● **YOUR TASK**: Below are the records; copy exactly the stretch from the line containing "2019 Ram 1500" through the line containing "2099 S 1840 W, Syracuse, UT 84075", both ends included, and nothing else.

......

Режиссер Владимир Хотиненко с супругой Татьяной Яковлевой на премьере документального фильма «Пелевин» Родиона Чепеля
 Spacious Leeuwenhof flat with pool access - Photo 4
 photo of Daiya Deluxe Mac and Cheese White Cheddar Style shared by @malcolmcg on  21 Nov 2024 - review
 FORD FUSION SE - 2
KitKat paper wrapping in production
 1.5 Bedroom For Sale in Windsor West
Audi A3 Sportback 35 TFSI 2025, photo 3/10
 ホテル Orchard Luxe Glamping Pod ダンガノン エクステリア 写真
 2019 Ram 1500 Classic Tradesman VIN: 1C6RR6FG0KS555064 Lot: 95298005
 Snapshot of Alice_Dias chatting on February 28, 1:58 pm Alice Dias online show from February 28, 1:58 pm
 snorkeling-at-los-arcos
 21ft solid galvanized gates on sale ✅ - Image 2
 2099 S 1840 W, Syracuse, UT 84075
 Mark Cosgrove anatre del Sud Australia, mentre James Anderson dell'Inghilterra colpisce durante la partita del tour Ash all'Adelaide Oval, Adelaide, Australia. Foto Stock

......

● **RESULT FOR THIS TASK**:
 2019 Ram 1500 Classic Tradesman VIN: 1C6RR6FG0KS555064 Lot: 95298005
 Snapshot of Alice_Dias chatting on February 28, 1:58 pm Alice Dias online show from February 28, 1:58 pm
 snorkeling-at-los-arcos
 21ft solid galvanized gates on sale ✅ - Image 2
 2099 S 1840 W, Syracuse, UT 84075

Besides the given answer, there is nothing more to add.